=== Raw data ===
####################
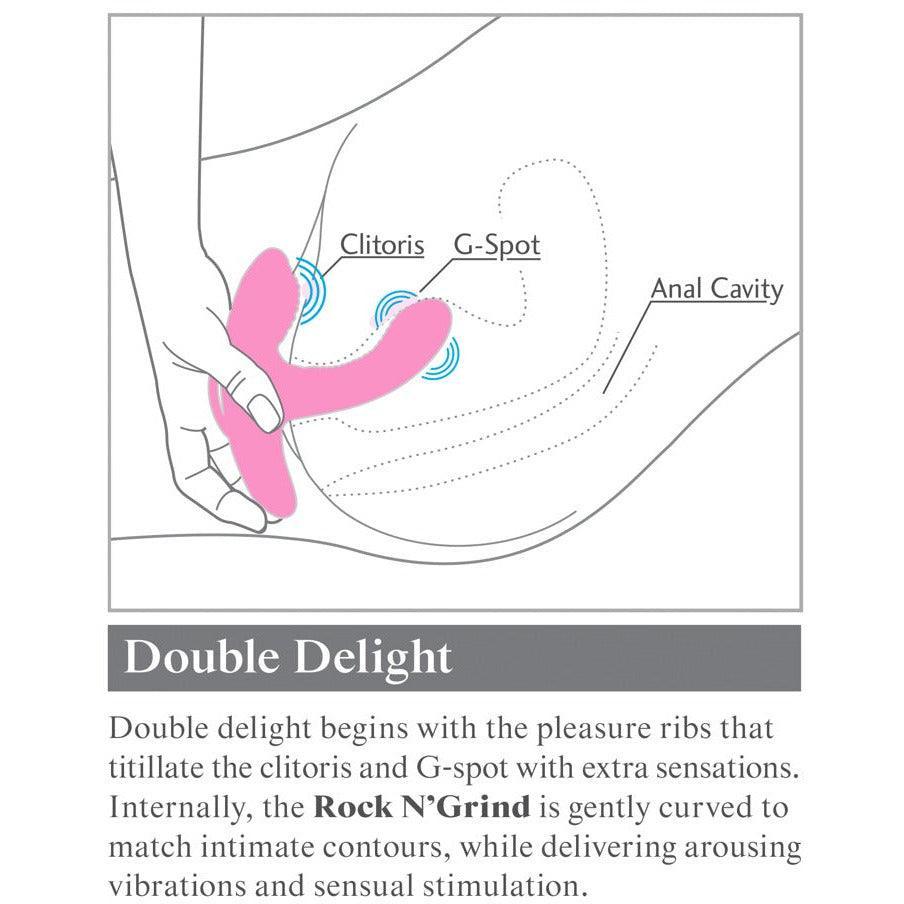 G-Punkt Vibrator "Rock n’ grind" aus Silikon - doppelte Stimulation 17.2 cm (rosa) - loveiu.ch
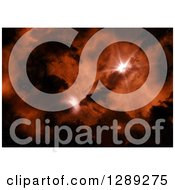 Clipart Of A 3d Fiery Nebula In Outer Space With A Bright Shining Star Royalty Free Illustration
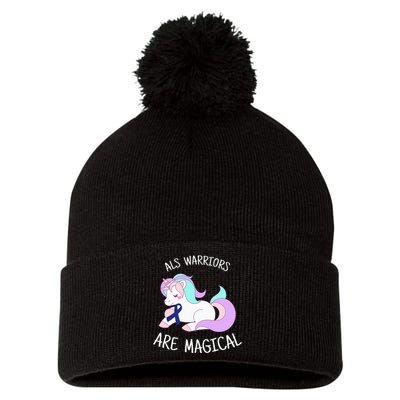 Unicorn ALS Awareness , ALS Warrior Pom Pom 12in Knit Beanie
####################
The expected answer is the whole listing above, copied exactly, with images excluded.

 G-Punkt Vibrator "Rock n’ grind" aus Silikon - doppelte Stimulation 17.2 cm (rosa) - loveiu.ch
 Clipart Of A 3d Fiery Nebula In Outer Space With A Bright Shining Star Royalty Free Illustration
 Unicorn ALS Awareness , ALS Warrior Pom Pom 12in Knit Beanie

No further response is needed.